Problem to work on: Your answer should consist only of the lines below from the one with "Outdoor Ventures Women's" through the one with "Wall-mounted mirror - MIRAGGE", copied exactly.

(Collection entries)

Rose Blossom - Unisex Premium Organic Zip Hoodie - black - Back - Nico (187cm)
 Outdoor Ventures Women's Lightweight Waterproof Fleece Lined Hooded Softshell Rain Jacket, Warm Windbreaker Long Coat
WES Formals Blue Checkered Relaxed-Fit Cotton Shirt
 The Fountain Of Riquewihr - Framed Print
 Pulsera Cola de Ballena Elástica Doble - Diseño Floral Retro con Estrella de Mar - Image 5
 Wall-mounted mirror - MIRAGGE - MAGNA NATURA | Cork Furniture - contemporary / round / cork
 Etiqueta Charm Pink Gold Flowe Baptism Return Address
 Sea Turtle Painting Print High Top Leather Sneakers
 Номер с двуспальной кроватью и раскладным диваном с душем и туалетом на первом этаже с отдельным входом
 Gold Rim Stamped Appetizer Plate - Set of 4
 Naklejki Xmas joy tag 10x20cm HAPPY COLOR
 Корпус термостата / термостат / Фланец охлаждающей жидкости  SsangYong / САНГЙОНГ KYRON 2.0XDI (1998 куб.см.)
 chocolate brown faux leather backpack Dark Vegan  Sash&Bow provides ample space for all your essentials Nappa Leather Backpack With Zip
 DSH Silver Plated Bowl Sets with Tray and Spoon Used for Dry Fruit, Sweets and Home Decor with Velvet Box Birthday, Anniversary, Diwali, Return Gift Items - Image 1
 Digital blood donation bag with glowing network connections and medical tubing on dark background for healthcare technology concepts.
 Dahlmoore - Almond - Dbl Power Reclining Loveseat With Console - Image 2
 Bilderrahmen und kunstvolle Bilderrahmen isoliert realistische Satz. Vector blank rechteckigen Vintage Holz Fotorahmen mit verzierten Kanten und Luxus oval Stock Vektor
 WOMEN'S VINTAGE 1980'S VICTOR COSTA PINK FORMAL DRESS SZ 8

Output:
 Outdoor Ventures Women's Lightweight Waterproof Fleece Lined Hooded Softshell Rain Jacket, Warm Windbreaker Long Coat
WES Formals Blue Checkered Relaxed-Fit Cotton Shirt
 The Fountain Of Riquewihr - Framed Print
 Pulsera Cola de Ballena Elástica Doble - Diseño Floral Retro con Estrella de Mar - Image 5
 Wall-mounted mirror - MIRAGGE - MAGNA NATURA | Cork Furniture - contemporary / round / cork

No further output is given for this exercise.